ROCÍO FIALLEGA (SemMéxico, Ciudad de México). La muerte llama a los pasos de los otros y no sabemos si los propios van hacia el final o sólo a ciertos abismos. La vida se reconstruye. No hay momento del día en que se pierda esa convivencia vida-muerte, porque es la síntesis de cada uno de nuestros actos. La mañana promete y es nuestro deber hacer cumplir el día, ya en la noche: los sueños son el reducto de nuestros miedos, pasiones y arquetipos.
Escucho el oleaje, mejor conocido como la respiración de Dios, imagino lo que me dice el Uno, siempre más que la suma de sus partes, observo el atardecer porque el día me angustia y la noche me inquieta. En ese momento de la tarde mi alma se reconcilia.
Conectada a la tierra y al cielo, puedo viajar en una esfera que es mi morada, como diría la doctora de la Iglesia, pero la posición de mi boca todavía no alcanza el éxtasis, debajo de mis párpados están mis ojos abiertos hacia el interior, quiero mirar el cielo, abrir mi pecho a la experiencia de la luz.
Dijo el poeta que somos polvo enamorado, y la estrella de la mañana ilumina esa misma materia que nos configura, polvo de estrella, estremecimiento del temblor que la acerca a mis pupilas, ya puedo verla adentro de mí.

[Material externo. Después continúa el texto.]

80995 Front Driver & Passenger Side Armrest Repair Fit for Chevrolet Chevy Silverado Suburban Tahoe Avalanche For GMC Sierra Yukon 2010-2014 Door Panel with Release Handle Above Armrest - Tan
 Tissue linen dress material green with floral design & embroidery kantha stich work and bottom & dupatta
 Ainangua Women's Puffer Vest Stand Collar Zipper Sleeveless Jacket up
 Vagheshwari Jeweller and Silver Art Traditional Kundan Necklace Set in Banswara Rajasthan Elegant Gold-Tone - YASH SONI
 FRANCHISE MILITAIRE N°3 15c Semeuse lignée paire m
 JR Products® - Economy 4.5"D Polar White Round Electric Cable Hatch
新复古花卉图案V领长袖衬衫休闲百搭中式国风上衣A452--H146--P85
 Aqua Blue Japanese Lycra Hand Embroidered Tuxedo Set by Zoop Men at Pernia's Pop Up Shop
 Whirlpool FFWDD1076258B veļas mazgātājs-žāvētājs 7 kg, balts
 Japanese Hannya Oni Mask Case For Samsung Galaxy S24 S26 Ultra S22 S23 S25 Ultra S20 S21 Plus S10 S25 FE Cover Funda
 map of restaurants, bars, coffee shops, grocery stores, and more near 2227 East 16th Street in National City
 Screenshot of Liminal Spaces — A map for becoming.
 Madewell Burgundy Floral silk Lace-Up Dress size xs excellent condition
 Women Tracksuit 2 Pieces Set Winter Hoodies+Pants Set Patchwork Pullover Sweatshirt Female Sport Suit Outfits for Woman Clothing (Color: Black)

No existe la violencia de la ruptura, es un continuo infinito lleno de lealtades, decisiones, dolores, promesas, alegrías y nostalgias que se acumulan en lo que llamamos destino, por eso encuentro en la reconciliación la señal del camino.
Elevé el ancla y luego inicié el vuelo, tuve el permiso y la convicción para esta travesía: Soy una vasija, soy una herramienta, soy una montaña, soy el agua, intuyo el propósito, ahora soy el universo, no hay muerte ni dolor, sólo la fuente primordial, aquí está mi Dios, soy Dios.